Eines Tages beschloss LICHTI, die Menschen zu besuchen und zu beobachten. In einem kleinen Dorf setzte er sich auf ein dunkelrotes Hausdach und sah, wie die Kinder zur Schule gingen, sah Autos und Traktoren vorbeifahren, entdeckte Pferde und Kühe auf der Weide.

LICHTI schlich in einen Stall und plauderte in der Sprache des Herzens ein bisschen mit den Ferkeln. Zu den Katzen und Hunden hielt er einen Respektabstand, denn sie reagierten auf ihn mit viel Miauen und Gebell.

Das Lichtmännlein und seine Freunde lieben Kinder. LICHTI flog vom Dach zum Kinderspielplatz im Park hinter dem Kirchlein und setzte sich auf eine der Schaukeln.

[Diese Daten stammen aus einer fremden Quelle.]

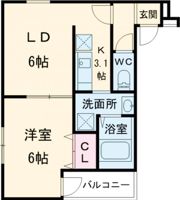フジパレス弥刀Ⅰ番館の間取り画像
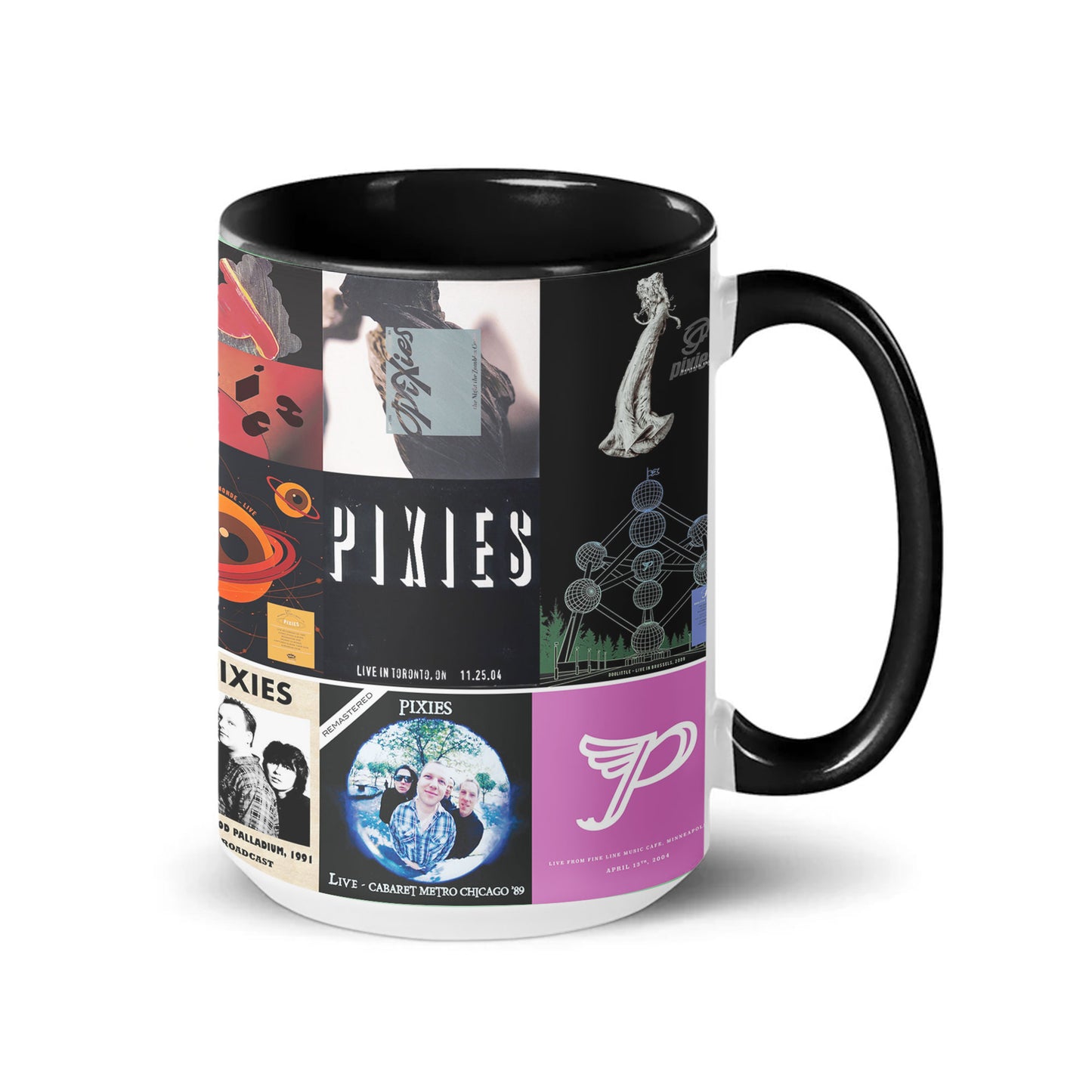 Pixies Accent Mug – Classic Album Cover Collage Gift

Zu seiner großen Freude kamen bald zwei Buben und ein Mädchen, die friedlich miteinander spielten.

Wenn ein Kind einmal traurig ist und LICHTI das bemerkt, wird er selber ein wenig traurig. Er strahlt ein bisschen weniger als sonst, seine Farben werden blasser.

Unhörbar, also mit der Sprache des Herzens, flüstert er dem Kind zu: “Es wird alles wieder gut!” oder “Nur Mut, du schaffst es!” LICHTI spürt sehr gut, was ein Mensch gerade zum Glücklichsein braucht.

Ja, es gibt doch nichts Schöneres, als einem Menschenkind ein Lächeln auf die Lippen zu zaubern!